-- Problem --
All entries given below are to be returned word for word.

-- Data excerpts --
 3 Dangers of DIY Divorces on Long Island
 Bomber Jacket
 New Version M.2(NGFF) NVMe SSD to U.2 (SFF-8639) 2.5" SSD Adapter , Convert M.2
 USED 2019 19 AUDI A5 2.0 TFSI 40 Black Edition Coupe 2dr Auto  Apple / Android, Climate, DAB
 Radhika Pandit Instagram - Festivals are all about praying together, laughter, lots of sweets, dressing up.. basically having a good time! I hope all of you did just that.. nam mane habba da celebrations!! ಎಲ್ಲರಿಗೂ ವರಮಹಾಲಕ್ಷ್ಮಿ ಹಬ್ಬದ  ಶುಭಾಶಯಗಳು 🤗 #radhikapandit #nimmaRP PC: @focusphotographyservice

-- Solution to this exercise --
 3 Dangers of DIY Divorces on Long Island
 Bomber Jacket
 New Version M.2(NGFF) NVMe SSD to U.2 (SFF-8639) 2.5" SSD Adapter , Convert M.2
 USED 2019 19 AUDI A5 2.0 TFSI 40 Black Edition Coupe 2dr Auto  Apple / Android, Climate, DAB
 Radhika Pandit Instagram - Festivals are all about praying together, laughter, lots of sweets, dressing up.. basically having a good time! I hope all of you did just that.. nam mane habba da celebrations!! ಎಲ್ಲರಿಗೂ ವರಮಹಾಲಕ್ಷ್ಮಿ ಹಬ್ಬದ  ಶುಭಾಶಯಗಳು 🤗 #radhikapandit #nimmaRP PC: @focusphotographyservice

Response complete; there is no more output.